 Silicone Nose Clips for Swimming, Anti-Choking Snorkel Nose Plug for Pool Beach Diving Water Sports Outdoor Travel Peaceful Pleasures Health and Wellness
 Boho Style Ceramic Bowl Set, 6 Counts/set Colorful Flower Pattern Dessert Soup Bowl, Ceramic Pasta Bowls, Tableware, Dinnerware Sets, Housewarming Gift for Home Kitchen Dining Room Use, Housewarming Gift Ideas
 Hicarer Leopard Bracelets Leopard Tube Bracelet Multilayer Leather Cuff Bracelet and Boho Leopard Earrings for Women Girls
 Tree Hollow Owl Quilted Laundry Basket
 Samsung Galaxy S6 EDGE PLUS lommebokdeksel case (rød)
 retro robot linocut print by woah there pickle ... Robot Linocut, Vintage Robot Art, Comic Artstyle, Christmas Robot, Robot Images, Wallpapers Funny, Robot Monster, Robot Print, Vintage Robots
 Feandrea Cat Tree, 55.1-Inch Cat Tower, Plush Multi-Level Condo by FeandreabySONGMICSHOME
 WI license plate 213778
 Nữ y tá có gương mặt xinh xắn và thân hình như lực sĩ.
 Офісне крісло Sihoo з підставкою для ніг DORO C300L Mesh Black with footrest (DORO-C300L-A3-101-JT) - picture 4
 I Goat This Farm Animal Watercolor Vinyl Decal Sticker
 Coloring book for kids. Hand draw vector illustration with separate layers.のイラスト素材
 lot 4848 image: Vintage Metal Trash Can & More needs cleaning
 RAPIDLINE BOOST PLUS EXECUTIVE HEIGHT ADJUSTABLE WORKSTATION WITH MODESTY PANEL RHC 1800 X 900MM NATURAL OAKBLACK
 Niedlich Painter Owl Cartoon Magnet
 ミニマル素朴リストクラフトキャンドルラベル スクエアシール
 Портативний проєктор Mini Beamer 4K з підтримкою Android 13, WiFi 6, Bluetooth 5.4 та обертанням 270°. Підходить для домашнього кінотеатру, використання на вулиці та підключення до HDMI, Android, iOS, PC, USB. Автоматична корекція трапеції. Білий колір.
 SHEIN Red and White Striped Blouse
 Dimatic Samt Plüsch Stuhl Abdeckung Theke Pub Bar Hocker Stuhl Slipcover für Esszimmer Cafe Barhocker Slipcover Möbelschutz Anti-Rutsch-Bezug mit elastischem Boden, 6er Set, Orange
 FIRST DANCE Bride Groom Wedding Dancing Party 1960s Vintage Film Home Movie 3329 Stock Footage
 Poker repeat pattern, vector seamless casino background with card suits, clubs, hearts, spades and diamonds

┄┄┄┄┄┄┄┄┄┄┄┄┄┄┄┄┄┄┄┄

▸ TASK DIRECTIONS: Look in the material above for the line with "Tree Hollow Owl Quilted Laundry Basket" and the line with "retro robot linocut", and transcribe exactly those lines and all lines between them, nothing more.

▸ TASK RESPONSE:
 Tree Hollow Owl Quilted Laundry Basket
 Samsung Galaxy S6 EDGE PLUS lommebokdeksel case (rød)
 retro robot linocut print by woah there pickle ... Robot Linocut, Vintage Robot Art, Comic Artstyle, Christmas Robot, Robot Images, Wallpapers Funny, Robot Monster, Robot Print, Vintage Robots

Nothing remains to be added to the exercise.